# SOURCE DATA

Segment Open

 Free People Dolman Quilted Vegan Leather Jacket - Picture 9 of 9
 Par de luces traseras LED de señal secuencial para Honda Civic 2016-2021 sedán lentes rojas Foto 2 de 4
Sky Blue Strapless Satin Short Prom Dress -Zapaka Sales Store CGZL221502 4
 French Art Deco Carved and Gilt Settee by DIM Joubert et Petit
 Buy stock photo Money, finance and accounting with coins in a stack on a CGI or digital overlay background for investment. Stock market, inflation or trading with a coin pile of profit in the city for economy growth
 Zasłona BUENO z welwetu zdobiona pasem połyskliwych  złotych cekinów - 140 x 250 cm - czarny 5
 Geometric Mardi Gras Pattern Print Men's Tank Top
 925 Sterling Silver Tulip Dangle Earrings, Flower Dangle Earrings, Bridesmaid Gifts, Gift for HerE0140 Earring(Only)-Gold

Segment Closed
Segment Open

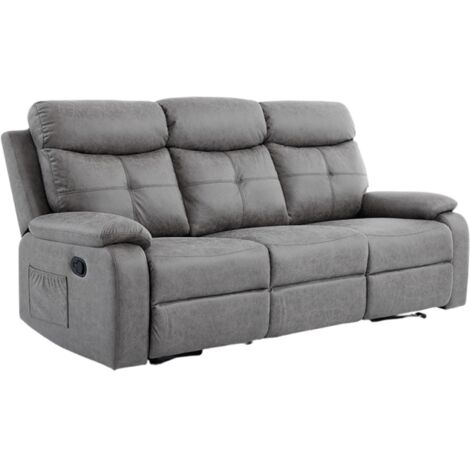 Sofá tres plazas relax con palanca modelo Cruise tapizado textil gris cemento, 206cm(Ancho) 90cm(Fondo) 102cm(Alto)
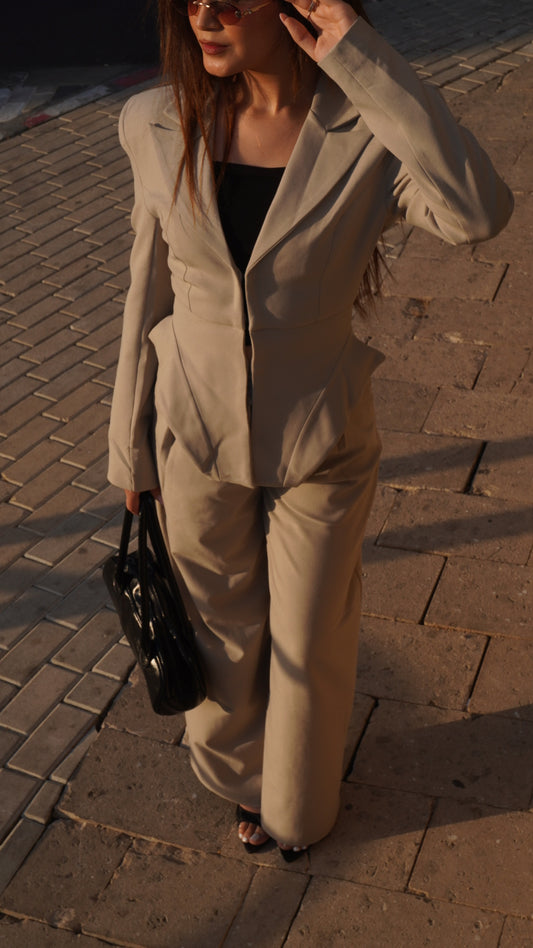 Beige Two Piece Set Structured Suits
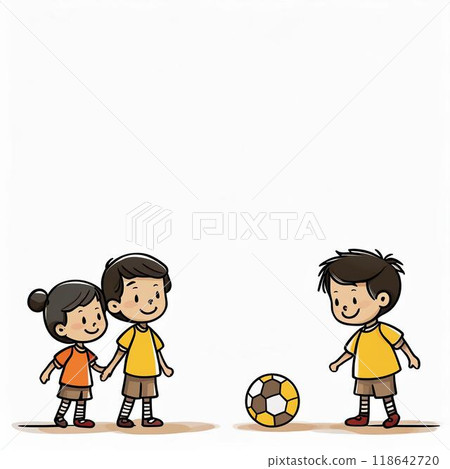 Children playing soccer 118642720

Segment Closed
Segment Open

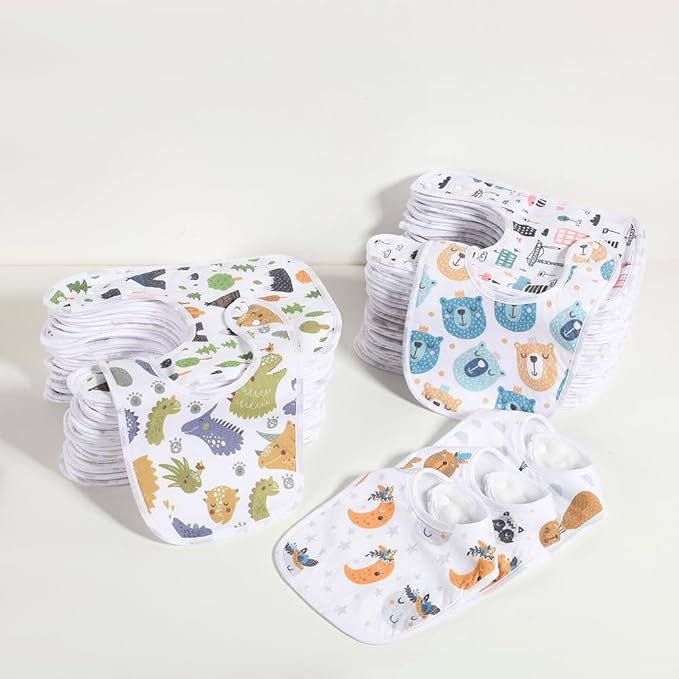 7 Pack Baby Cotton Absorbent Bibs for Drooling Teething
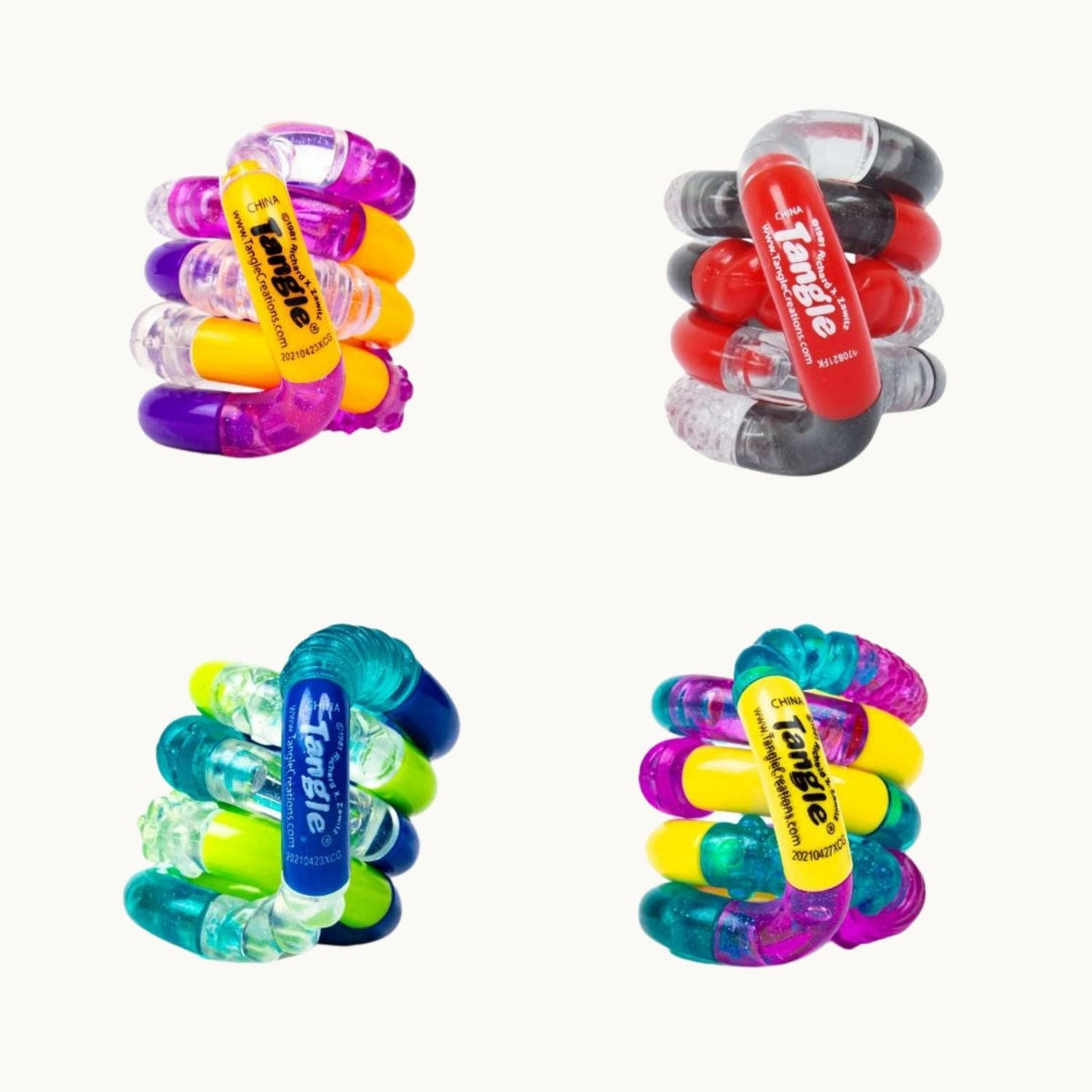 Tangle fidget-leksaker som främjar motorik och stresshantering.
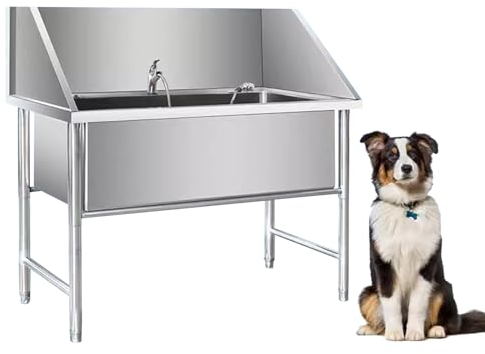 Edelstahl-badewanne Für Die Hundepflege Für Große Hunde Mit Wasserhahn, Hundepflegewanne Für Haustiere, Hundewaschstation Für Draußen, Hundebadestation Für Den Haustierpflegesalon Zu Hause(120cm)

Segment Closed

# PROBLEM REQUIREMENTS
Restate word for word every line from the one with "Sofá tres plazas" up to and including the one with "Children playing soccer 118642720" in the records above, minus the pictures.

# SOLUTION
 Sofá tres plazas relax con palanca modelo Cruise tapizado textil gris cemento, 206cm(Ancho) 90cm(Fondo) 102cm(Alto)
 Beige Two Piece Set Structured Suits
 Children playing soccer 118642720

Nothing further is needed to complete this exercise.